Bitcoin from the ashes

It was in the fallout of this crisis that many began to question the stability and even legitimacy of the financial system centered largely on Wall Street.

What made this early derivatives market more serious than an anonymous online DeFi casino was that the money flowing through it was not the gambling budget of self-styled “degens” who “aped in” to new yield strategies without critical analysis. Instead, the money often represented the life savings and mortgages of average people.

Who better to step into a role as a regulator than someone who understood this crucial area intimately? That person was Boggiano, who retreated from the chaos of the trading floor to a law office where she would work to help rebuild the system in hopes of allowing it to earn back people’s trust.

It was in this position as a lawyer that Boggiano came across Bitcoin in 2011. Major financial institutions she was working with were interested in it, but they were skittish.

The level of scrutiny at the time was very high, not least because the Bernie Madoff Ponzi scheme had recently come to light and the industry was in regulatory flux, Boggiano explains.

Today, things are different.

“We’re unquestionably seeing the participation and acceptance of Bitcoin from the institutional perspective,” Boggiano asserts, listing the likes of Elon Musk, MicroStrategy, Visa and Mastercard, as well as the endowment funds of major institutions like Harvard, Stanford and Yale as recently converted supporters. There is even interest on various national levels, such as China and the United States working on a digital yuan and dollar, respectively.

“I think that there’s a natural, healthy competition that Bitcoin has with respect to monetary policy in the United States and elsewhere. That competition is a good thing because it’s forcing countries to think about their economic systems.”

“We’re gonna see significant adoption and change over the next three to five years — it’s going to be a different economy,” she says with total confidence.

One question that comes to mind is whether some institutions feel as if they missed the crypto boom, seeing as they were often prevented from making moves in the early years due to the associated uncertainty. Boggiano does not frame this as a missed opportunity but as an appropriate exercise in caution. “I think that they’re doing the prudent analysis that they need to do in order to protect their investors. I think you’ve seen more activity from prop desks, who don’t have to report to investors,” she says.

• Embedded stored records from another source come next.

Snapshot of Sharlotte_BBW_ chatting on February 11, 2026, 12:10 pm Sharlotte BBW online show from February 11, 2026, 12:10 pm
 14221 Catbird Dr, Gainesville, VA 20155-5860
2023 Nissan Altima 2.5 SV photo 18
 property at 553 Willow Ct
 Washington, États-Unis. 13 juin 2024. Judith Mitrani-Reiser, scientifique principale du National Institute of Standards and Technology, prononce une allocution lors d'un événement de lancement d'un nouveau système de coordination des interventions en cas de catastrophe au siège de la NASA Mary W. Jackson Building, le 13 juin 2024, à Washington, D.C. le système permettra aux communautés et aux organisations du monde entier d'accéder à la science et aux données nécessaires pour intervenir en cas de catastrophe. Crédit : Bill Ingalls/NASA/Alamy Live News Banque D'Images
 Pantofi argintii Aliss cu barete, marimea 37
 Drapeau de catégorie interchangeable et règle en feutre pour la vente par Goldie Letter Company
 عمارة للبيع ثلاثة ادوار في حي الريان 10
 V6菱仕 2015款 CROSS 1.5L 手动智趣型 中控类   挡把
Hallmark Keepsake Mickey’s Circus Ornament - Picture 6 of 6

“I think that the narrative to institutions is that when there’s sufficient adoption, [when] the number of Bitcoin wallets that are being utilized is considerable, it becomes a lot less likely that it’s just going to plummet to zero.”

Boggiano says it’s important to protect retail investors who are playing alongside the institutions. “We have a very antiquated financial system and regulatory process — I think that there’s a natural struggle that’s happening between innovation, and trying to protect the retail.”

Any investment offered to retail, she explains, is more highly scrutinized than those in which only sophisticated investors, like institutions and high net worth individuals, can participate in, as it is assumed that the latter entities are better equipped to understand the investments and manage losses. “Those protections are there so there isn’t fraud, there isn’t manipulation.”

Still, Boggiano acknowledges, “It’s primarily been a retail-driven asset class which is very unusual — mostly, asset classes are run by institutions.”

More regulation, less privacy?

“With respect to Bitcoin, I feel there is a moral obligation to develop a means to encourage privacy, but ensure safety,” says Boggiano. While she values privacy, she thinks protecting retail investors and the wider population is a higher priority.

An example of this being beneficial came during the Capitol insurrection, where investigators tracked down Nick Fuentes, who’d received 13.5 Bitcoin from an overseas donor. According to Boggiano, that was a great demonstration of deanonymizing Bitcoin transactions by way of following “digital breadcrumbs” in the name of public safety.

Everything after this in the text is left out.